SUPPLIED MATERIAL:
↓
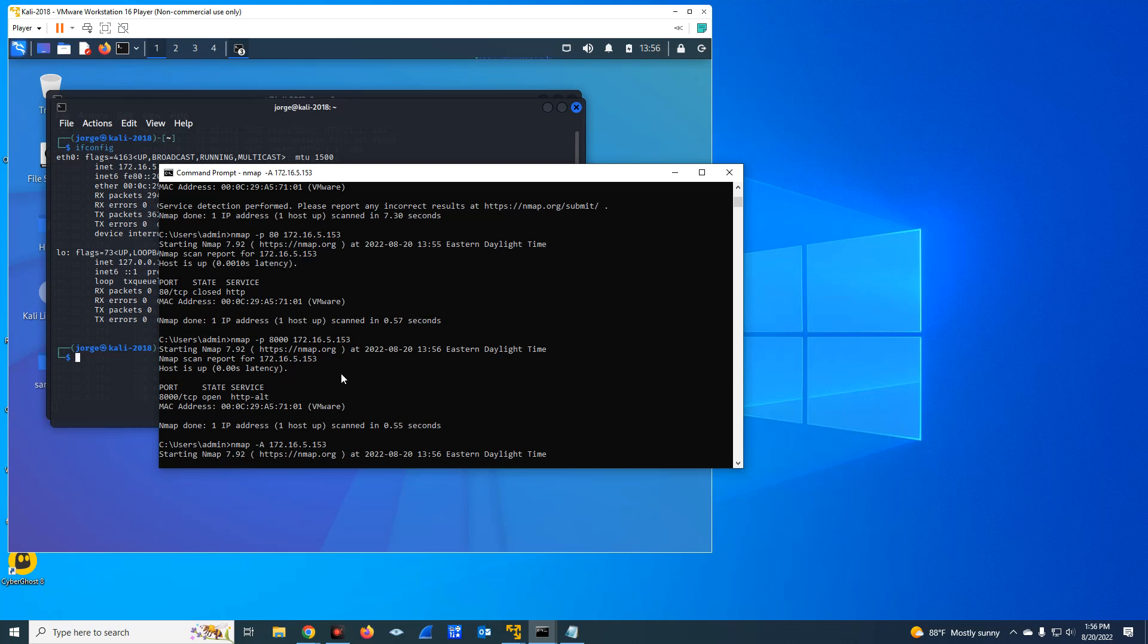It's going to give you the operating system, the ports and services all in one screen. So that's one of the great things that you could do with Nmap. Of course, you can do a lot more things other than this.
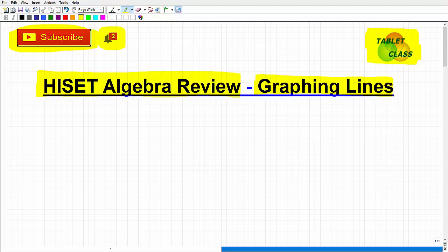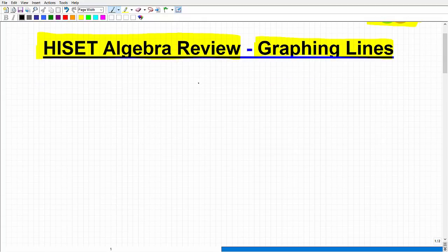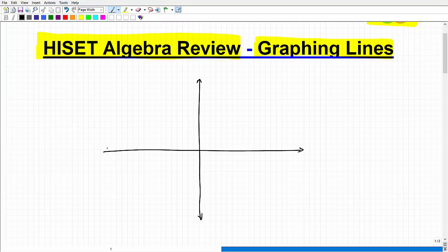With that being said, let's get into this concept of graphing lines. In algebra or in mathematics in general, you'll probably see this — basically what we call an X,Y axis or Cartesian plane. There are a lot of different ways you can think about it, but basically it's a grid system. We have an X-axis and a Y-axis. Hopefully this looks familiar to most of you.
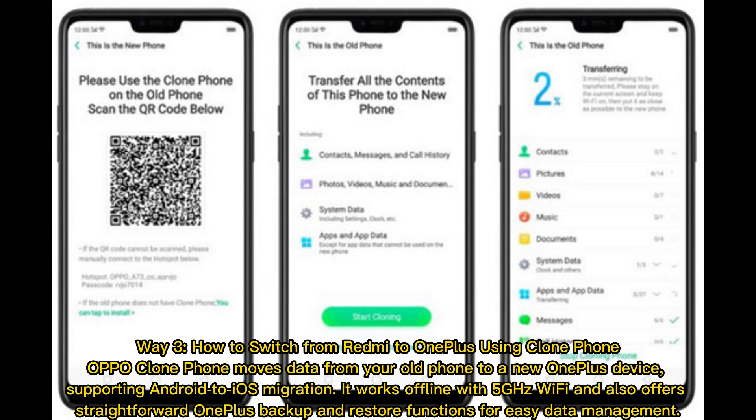Way three: how to switch from Redmi to OnePlus using Clone Phone. OPPO Clone Phone moves data from your old phone to a new OnePlus device, supporting Android to iOS migration. It works offline with 5 GHz Wi-Fi and also offers straightforward OnePlus backup and restore functions for easy data management.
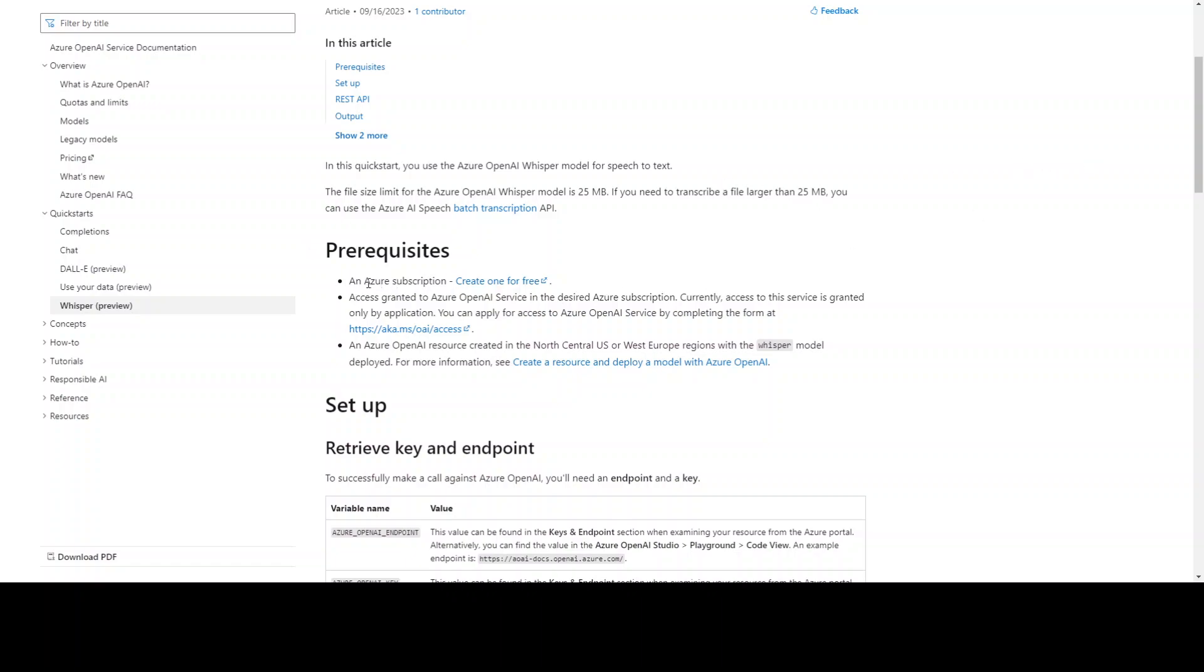You need an Azure subscription which you can obviously have for free, and then you need to request access to Azure OpenAI Service, and from there you also need an Azure OpenAI resource created in this region.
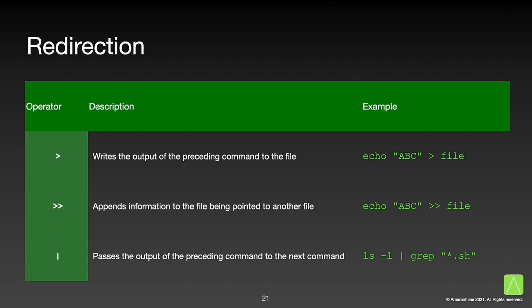Next we will look at redirection. We have already covered redirection earlier, but here is a quick summary. We use the single right arrow to write the output of a command to a file, a double right arrow to append the output of a command to a file, and a pipe to pass the output of one command to another command.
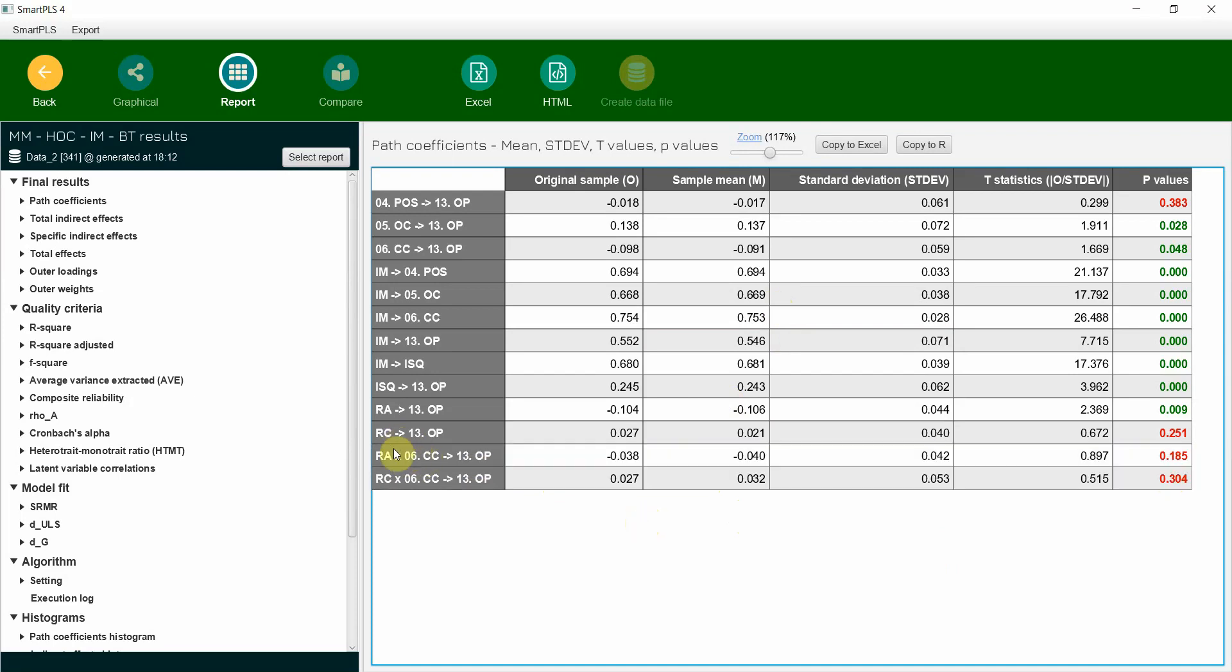I plan to do a more detailed video on moderation with significant moderator and how to report when your results are significant. Thank you very much.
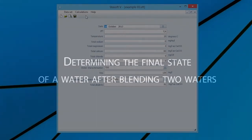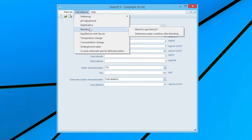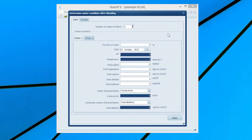Determining the final state of water after blending two waters. Selecting the Determine Water After Blending option in the Blending menu will bring the Determine Water Condition After Blending input window onto the screen.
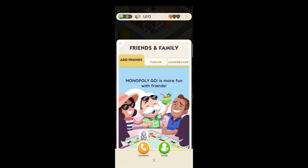Select your preferred method of inviting friends, such as sending them email contacts, sharing the game code, or sending them a link. Follow the platform instructions to send the invitation to your friends.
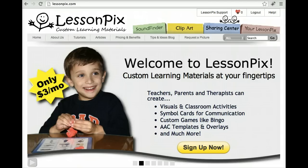Hello and welcome to our very quick video, LessonPix in under 2 minutes. LessonPix is an online tool for creating visual supports. It is completely browser based and you can access it from any PC, Mac, iPad, etc. with nothing to install.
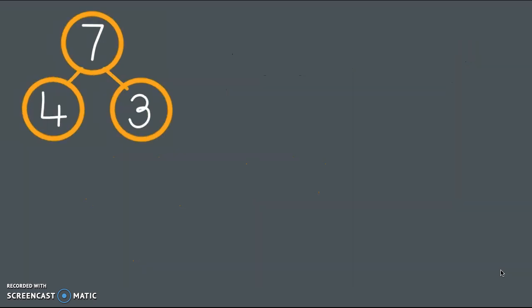Here's a new number bond. What's the whole amount in the number bond? Yes, it's 7. Can you tell me the two parts? Perfect. 4 and 3. So watch what happens. I'm going to take 4 away. Now you know that I made a change because I put an X up there. And the X stands for taking away or subtracting.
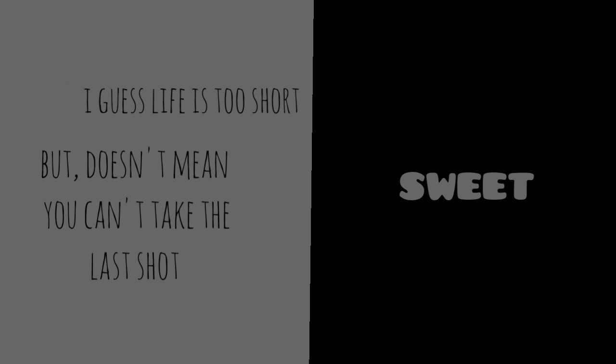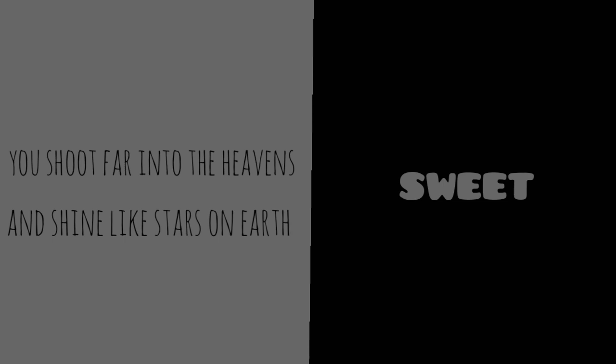Yes I guess life is too short, but doesn't mean you can't take the last shot. And when you do, you shoot far into the heavens and shine like stars on earth, because you deserve a better life on earth.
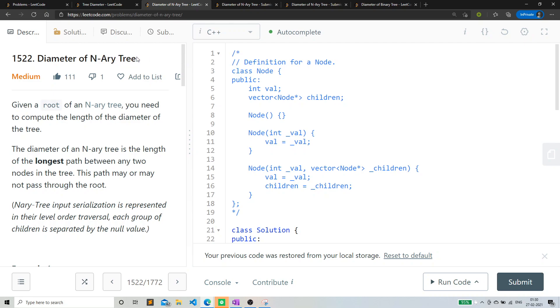Well basically a particular node can contain n number of children. That's the only difference, but the problem is pretty similar. Okay, so I'll just sum up this video pretty quick. So what we have to do.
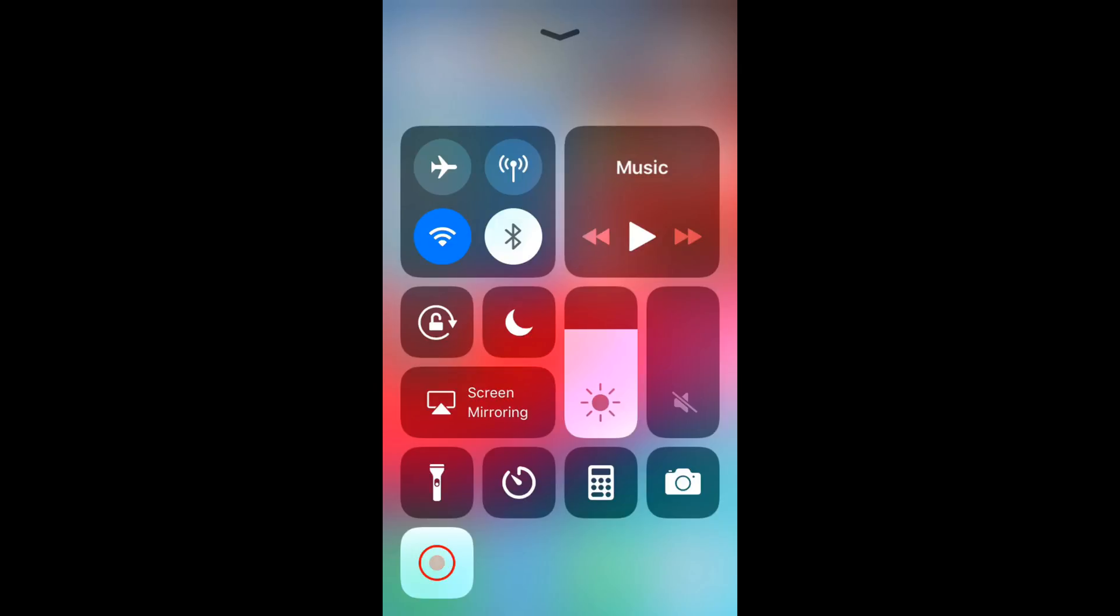To start recording, tap on this icon. There will be a countdown—3, 2, 1—and the recording will start.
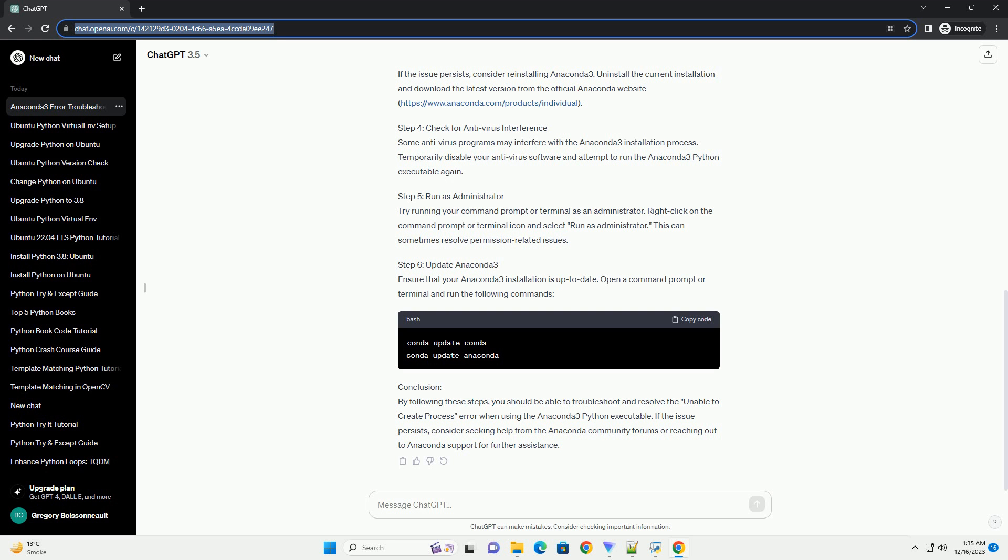Conclusion. By following these steps, you should be able to troubleshoot and resolve the Unable to create process error when using the Anaconda 3 Python executable. If the issue persists, consider seeking help from the Anaconda community forums or reaching out to Anaconda support for further assistance.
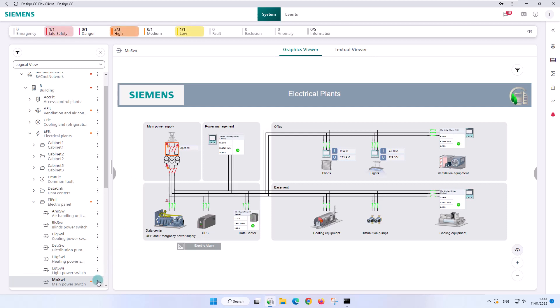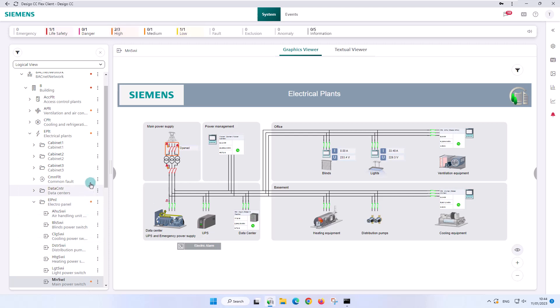In our example of the open main power switch object, a dot in the color of the alarm category appears in the browser tree. The information has been propagated to the next higher levels, the electro panel, and electrical plants.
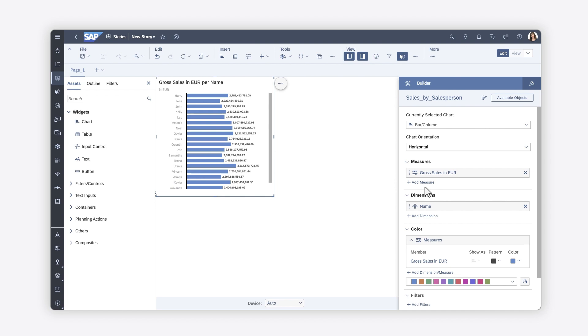For more details on how to connect to SAP Datasphere analytic models in SAP Analytics Cloud, check out the help topic links in the description and more videos on SAP Datasphere on this channel, and try it for yourself today.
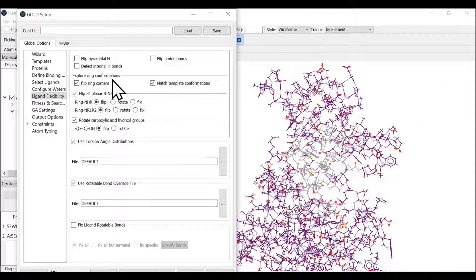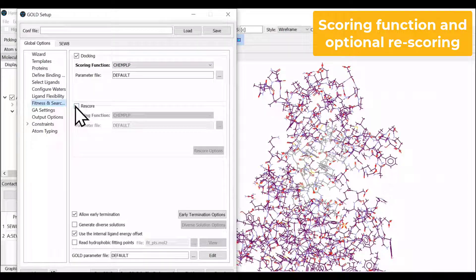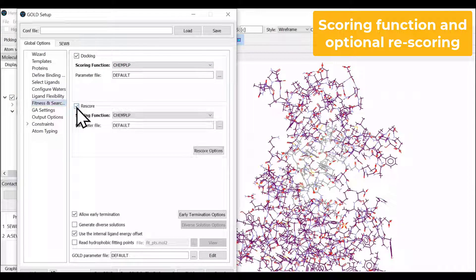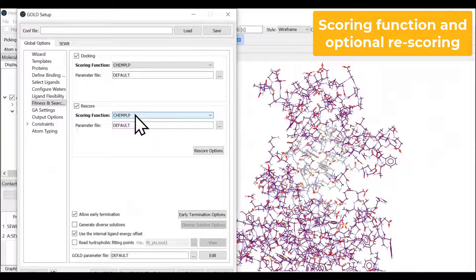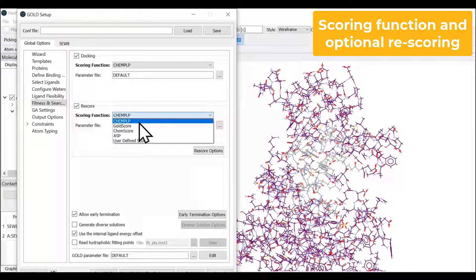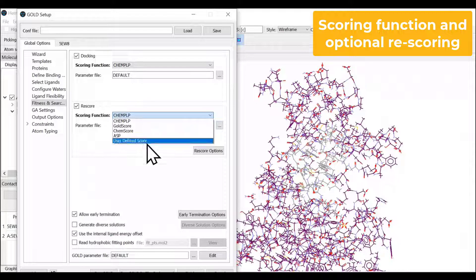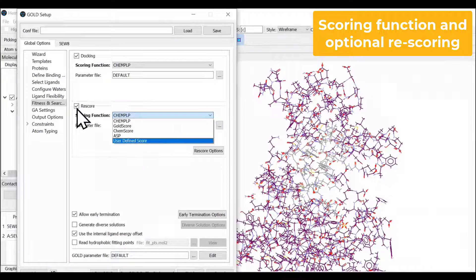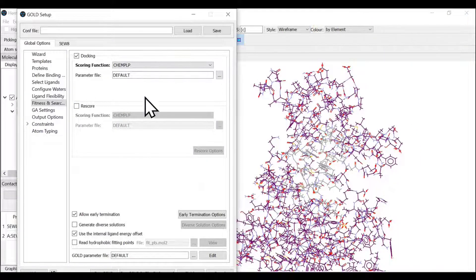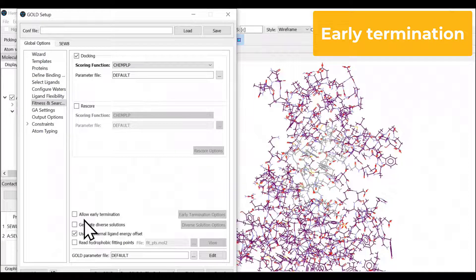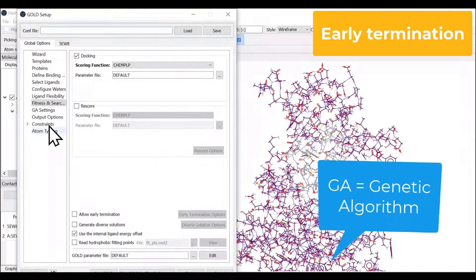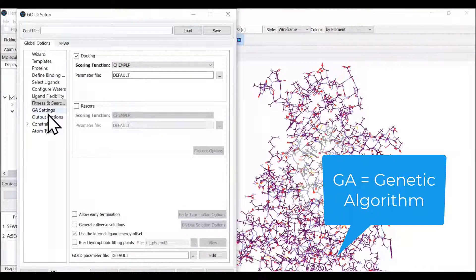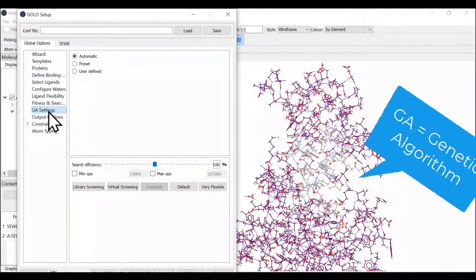For fitness, we have selected ChemPLP. We also provide an option of rescoring. You can select any two different combinations from available scoring functions or your own user-defined function. We will not use this today. We're going with ChemPLP only. We can also select do not allow early termination since we want GOLD to perform all 10 steps we selected in GA settings.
↑
WORK INSTRUCTIONS: Nothing but the lines from the one with "Select your preferred" to the one with "For more details" above, both included, should be transcribed, exactly and without pictures.

EXERCISE RESPONSE:
Select your preferred method of inviting friends, such as sending them email contacts, sharing the game code, or sending them a link. Follow the platform instructions to send the invitation to your friends.
Hello and welcome to our very quick video, LessonPix in under 2 minutes. LessonPix is an online tool for creating visual supports. It is completely browser based and you can access it from any PC, Mac, iPad, etc. with nothing to install.
Here's a new number bond. What's the whole amount in the number bond? Yes, it's 7. Can you tell me the two parts? Perfect. 4 and 3. So watch what happens. I'm going to take 4 away. Now you know that I made a change because I put an X up there. And the X stands for taking away or subtracting.
Yes I guess life is too short, but doesn't mean you can't take the last shot. And when you do, you shoot far into the heavens and shine like stars on earth, because you deserve a better life on earth.
Well basically a particular node can contain n number of children. That's the only difference, but the problem is pretty similar. Okay, so I'll just sum up this video pretty quick. So what we have to do.
To start recording, tap on this icon. There will be a countdown—3, 2, 1—and the recording will start.
Conclusion. By following these steps, you should be able to troubleshoot and resolve the Unable to create process error when using the Anaconda 3 Python executable. If the issue persists, consider seeking help from the Anaconda community forums or reaching out to Anaconda support for further assistance.
In our example of the open main power switch object, a dot in the color of the alarm category appears in the browser tree. The information has been propagated to the next higher levels, the electro panel, and electrical plants.
For more details on how to connect to SAP Datasphere analytic models in SAP Analytics Cloud, check out the help topic links in the description and more videos on SAP Datasphere on this channel, and try it for yourself today.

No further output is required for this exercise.